Exodus Rabbah is an exegetical and homiletic work on the Book of Exodus compiled in the years 900-1000, including material from much earlier periods:

You find that if the moon does not appear in the sky at night, the world is so dark that a man cannot walk about even within the city, but as soon as the moon appears in the sky, all rejoice and walk about. So it was in the days of Ahasuerus who decreed that Israel should be destroyed, slain, and made to perish; but Esther came and brought light to Israel, for it says, "The Jews had light and gladness, and joy and honor" (Esther 8:16) Should you inquire why Esther is compared to the moon, the answer is that just as the moon renews itself every thirty days, so did Esther say, "But I have not been called to come in unto the king these thirty days" (Esther 4:11).

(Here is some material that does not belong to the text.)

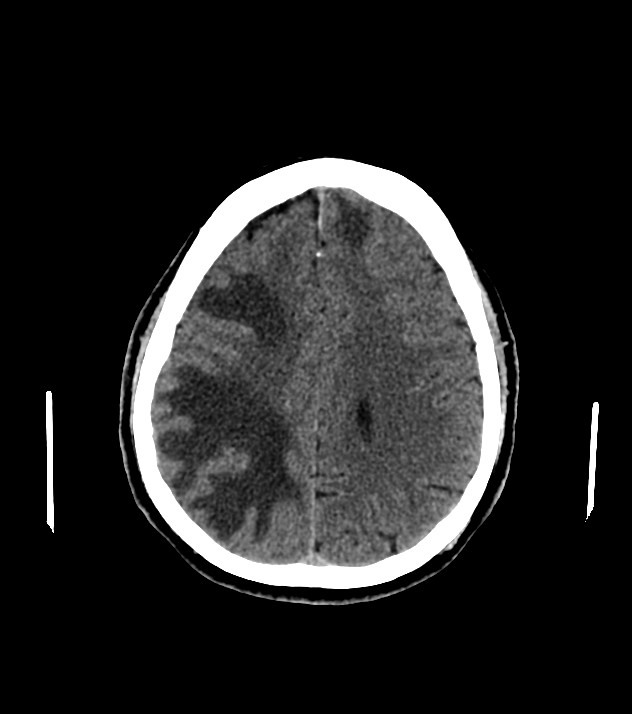 Cholangiocarcinoma with cerebral metastases (Radiopaedia 83519-98628 Axial non-contrast 47).jpg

-- Midrash, Exodus Rabbah 1 5:6

The rabbis of Exodus Rabbah comment on the commandment in Exodus 12:2 to mark the months:

We may illustrate by the parable of a king unto whom a son was born, whereupon he made a joyful celebration; but the son was taken captive and spent a long time in captivity. On his release, the king fixed an anniversary. So, too, prior to Israel's descent into Egypt, they counted by years; but after they had gone down to Egypt and become enslaved there, God performed miracles for them, and they were redeemed; and then did they begin to count the months, as it says, "This month shall mark for you the beginning of the months" (Exodus 12:2).

-- Midrash, Exodus Rabbah 15:9 (900-1000)

Rashi, a medieval Torah commentator, discusses a passage from the Talmud about the public reading of the Torah on weekdays, holidays, and new moons:

"New months." There is no absolute prohibition against work, yet women do not perform work on those days I learned from my aged teacher, may his memory be for a blessing, that this commandment was given to them [women] because they did not submit their jewelry for the golden calf.